I'm sure you have gone through it already....but I always find it goes more smoothly, if I have everything set up before hand....no running around at the last minute...or even worse, during processing...ice water in a big container...coolers...I used a half of a plastic 55 gallon barrel cut length wise....with a piece of plywood to cover...it was set into a wood frame, to keep it from tipping....a water hose for rinsing....a bucket of warm water, with a dash of Clorox to rinse hands....paper towels...a clean cutting surface...I use a sheet of plywood covered with cardboard. For the really big birds, I made a killing cone out of a 5 gallon bucket....cut a half circle out of the bottom edge, so when you place the bird into it head down with the back against the side of the bucket....giving room for the huge breast on them....you'll do fine!
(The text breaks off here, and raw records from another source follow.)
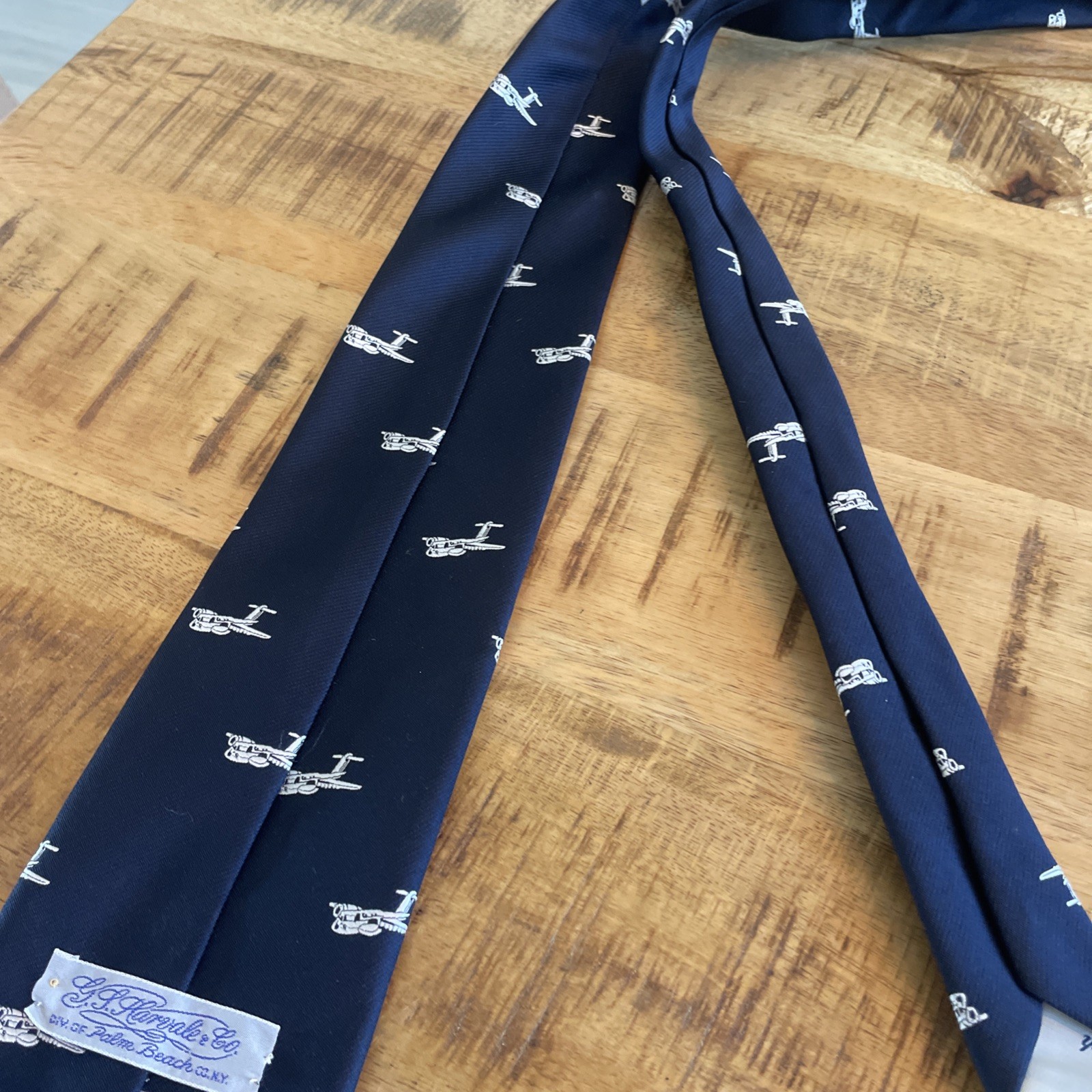Vintage G. L. Harvale & Co. Polyester Airplane NAVY Palm Beach 55″ x 4″ Tie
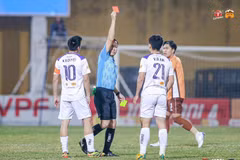 Vũ Đình Hai (số 21) nhận thẻ đỏ khiến Hà Nội FC nhận thất bại 0-1 trước Hoàng Anh Gia Lai ngay tại Hàng Đẫy. (Ảnh: HAGL)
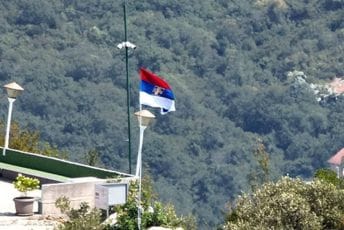 Predsjednik Opštine Konavle: Na teritoriji Crne Gore danas istaknuta srpska zastava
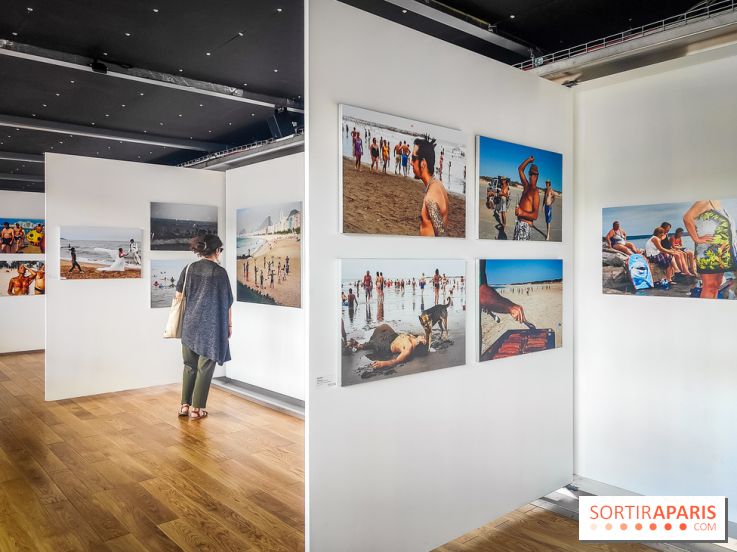 Life's a beach, l'exposition photo gratuite de Martin Parr à voir cet été au Quai de la Photo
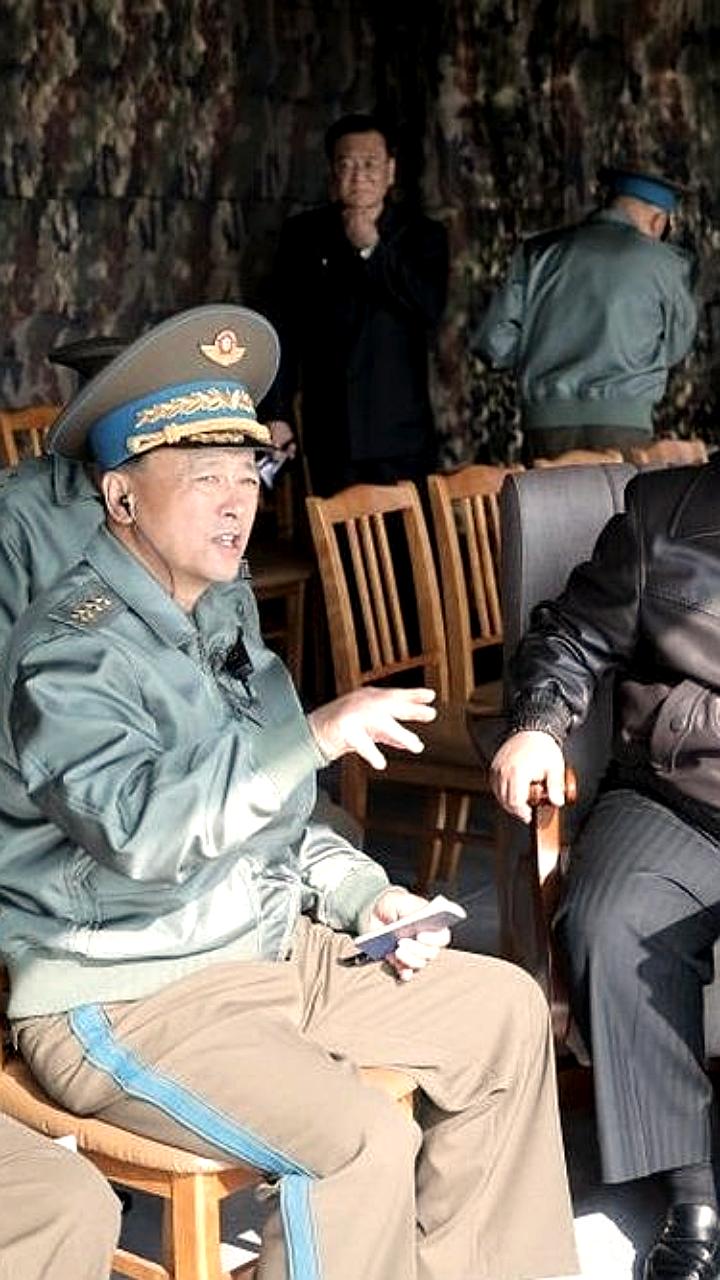 Ким Чен Ын прокомментировал аварию при спуске эсминца КНДР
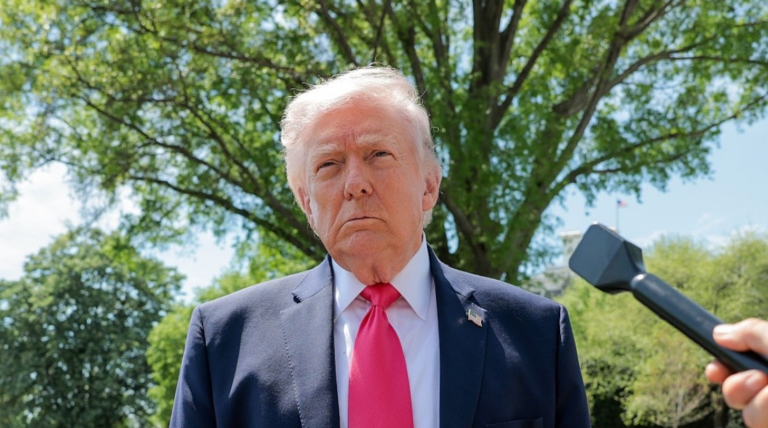 Trump reconoce: Corte Suprema obliga a devolver $159 mil millones por aranceles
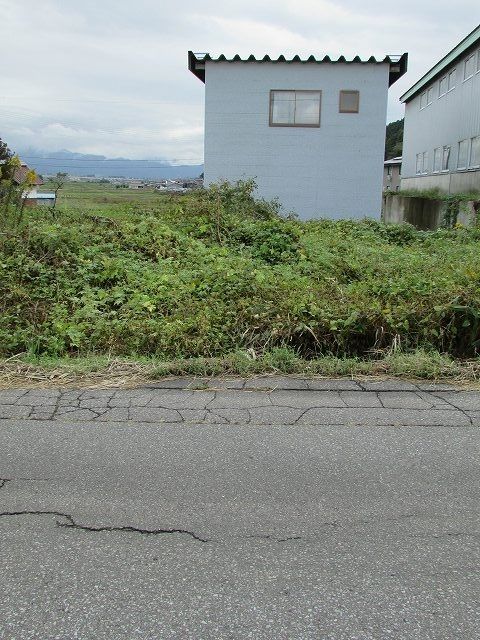 Steel Warehouse for Sale in Iiyama, Nagano - 445.7m² Land - Thumbnail 3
Take your time, start early....it's going to take a while....stay calm...good luck!
 
I'm sure you have gone through it already....but I always find it goes more smoothly, if I have everything set up before hand....no running around at the last minute...or even worse, during processing...ice water in a big container...coolers...I used a half of a plastic 55 gallon barrel cut length wise....with a piece of plywood to cover...it was set into a wood frame, to keep it from tipping....a water hose for rinsing....a bucket of warm water, with a dash of Clorox to rinse hands....paper towels...a clean cutting surface...I use a sheet of plywood covered with cardboard. For the really big birds, I made a killing cone out of a 5 gallon bucket....cut a half circle out of the bottom edge, so when you place the bird into it head down with the back against the side of the bucket....giving room for the huge breast on them....you'll do fine! Take your time, start early....it's going to take a while....stay calm...good luck!
ya we got every thing set up today and tomorrow morning we just are ready to start off.